Keywords: Virtual Research Environment, Scientific Gateway, Digital Library, Data Infrastructure
1 STATE OF THE ART
A recent study promoted by The Royal Society in cooperation with Elsevier reviewed the changing patterns of
science and scientific collaborations and confirmed that science is increasingly global, multipolar, and
networked (Llewellyn Smith, Borysiewicz, Casselton, Conway, Hassan, Leach, et al., 2011). This trend calls for
innovative, dynamic, and ubiquitous research supporting environments where scattered scientists can seamlessly
access data, software, and processing resources managed by diverse systems in separate administration domains
through their web browser.
Dependent on context, these environments are commonly referred to as either Virtual Research Environments
(Carusi & Reimer, 2010), Science Gateways (Wilkins-Diehr, 2007), Collaboratories (Wulf, 1993), Digital
Libraries (Candela, Castelli, & Pagano, 2011) or Inhabited Information Spaces (Snowdon, Churchill, & Frécon,
2004). These environments are among the goals that e-Infrastructures (e-Infrastructure Reflection Group, 2010)
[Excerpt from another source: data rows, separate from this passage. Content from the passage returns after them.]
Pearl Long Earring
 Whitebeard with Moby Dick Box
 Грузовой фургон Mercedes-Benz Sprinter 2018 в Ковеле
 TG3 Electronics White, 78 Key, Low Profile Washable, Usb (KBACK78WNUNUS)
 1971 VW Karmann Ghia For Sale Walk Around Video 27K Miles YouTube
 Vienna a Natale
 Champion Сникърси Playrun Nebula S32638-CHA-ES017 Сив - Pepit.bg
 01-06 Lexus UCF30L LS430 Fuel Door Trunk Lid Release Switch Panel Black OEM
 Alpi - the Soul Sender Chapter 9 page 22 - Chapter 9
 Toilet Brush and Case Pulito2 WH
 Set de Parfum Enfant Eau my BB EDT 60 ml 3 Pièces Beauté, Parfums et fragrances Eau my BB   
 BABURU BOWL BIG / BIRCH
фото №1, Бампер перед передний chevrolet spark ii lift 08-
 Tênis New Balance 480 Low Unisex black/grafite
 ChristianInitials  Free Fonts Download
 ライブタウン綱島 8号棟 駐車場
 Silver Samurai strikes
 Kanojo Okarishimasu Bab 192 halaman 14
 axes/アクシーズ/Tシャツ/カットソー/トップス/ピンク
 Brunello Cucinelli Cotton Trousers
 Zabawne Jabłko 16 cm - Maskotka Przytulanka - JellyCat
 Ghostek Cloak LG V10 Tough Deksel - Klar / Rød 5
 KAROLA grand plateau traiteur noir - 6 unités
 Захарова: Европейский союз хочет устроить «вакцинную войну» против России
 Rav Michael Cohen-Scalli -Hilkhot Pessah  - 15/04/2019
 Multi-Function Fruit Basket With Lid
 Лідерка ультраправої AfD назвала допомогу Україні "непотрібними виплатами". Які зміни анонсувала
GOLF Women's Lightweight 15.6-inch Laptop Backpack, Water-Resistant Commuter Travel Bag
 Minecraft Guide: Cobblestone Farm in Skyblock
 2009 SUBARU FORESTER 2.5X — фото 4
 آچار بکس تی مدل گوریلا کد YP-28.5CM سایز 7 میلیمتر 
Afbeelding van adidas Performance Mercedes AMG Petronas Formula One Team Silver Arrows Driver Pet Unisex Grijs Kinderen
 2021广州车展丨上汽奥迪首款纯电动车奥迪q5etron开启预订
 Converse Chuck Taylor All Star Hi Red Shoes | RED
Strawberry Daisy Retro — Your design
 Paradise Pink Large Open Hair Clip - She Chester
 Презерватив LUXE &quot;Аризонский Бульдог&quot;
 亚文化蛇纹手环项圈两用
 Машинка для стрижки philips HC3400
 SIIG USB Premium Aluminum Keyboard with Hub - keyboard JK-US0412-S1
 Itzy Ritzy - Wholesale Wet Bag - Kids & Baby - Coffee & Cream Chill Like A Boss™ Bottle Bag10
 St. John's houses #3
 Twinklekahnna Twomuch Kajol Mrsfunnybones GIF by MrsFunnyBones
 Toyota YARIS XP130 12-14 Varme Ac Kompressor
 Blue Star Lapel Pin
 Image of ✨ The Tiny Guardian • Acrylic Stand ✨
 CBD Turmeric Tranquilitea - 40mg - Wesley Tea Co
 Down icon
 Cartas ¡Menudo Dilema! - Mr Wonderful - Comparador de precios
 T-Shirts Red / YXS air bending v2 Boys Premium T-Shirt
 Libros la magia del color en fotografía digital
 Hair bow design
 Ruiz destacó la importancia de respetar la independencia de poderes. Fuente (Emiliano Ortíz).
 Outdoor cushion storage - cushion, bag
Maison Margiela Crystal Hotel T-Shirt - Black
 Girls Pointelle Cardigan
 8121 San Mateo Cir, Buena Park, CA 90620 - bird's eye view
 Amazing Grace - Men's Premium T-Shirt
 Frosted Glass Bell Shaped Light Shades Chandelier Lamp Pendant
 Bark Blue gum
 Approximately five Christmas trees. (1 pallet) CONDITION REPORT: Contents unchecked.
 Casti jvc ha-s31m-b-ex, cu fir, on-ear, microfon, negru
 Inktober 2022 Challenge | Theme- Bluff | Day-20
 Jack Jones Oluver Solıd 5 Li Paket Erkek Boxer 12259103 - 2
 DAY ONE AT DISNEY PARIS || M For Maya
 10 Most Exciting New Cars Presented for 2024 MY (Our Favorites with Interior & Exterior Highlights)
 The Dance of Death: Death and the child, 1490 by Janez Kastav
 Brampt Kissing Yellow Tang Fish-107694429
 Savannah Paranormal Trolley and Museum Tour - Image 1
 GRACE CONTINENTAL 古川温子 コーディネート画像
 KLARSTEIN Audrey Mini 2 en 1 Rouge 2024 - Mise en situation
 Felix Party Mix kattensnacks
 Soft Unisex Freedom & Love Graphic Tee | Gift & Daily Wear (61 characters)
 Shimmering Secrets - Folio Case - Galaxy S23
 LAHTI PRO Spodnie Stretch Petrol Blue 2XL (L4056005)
and cyberinfrastructures (Cyberinfrastructure Council, 2007) are going to realise. A variety of systems and
services fall within the scope of these definitions, from ad-hoc portals with minimal access services to content
resources held in external repositories (lightweight integration to promote resource discovery) to
general-purpose management systems with advanced services defined over a wide range of resources (strong
integration to promote resource exploitation). In some cases, motivations and design (sharing, on-demand
resource provision, economies of scale) align with the principles of grid computing and its ecology of virtual
organizations (Foster & Kesselman, 1998) as well as with cloud computing (Foster, Zhao, Raicu, & Lu, 2008).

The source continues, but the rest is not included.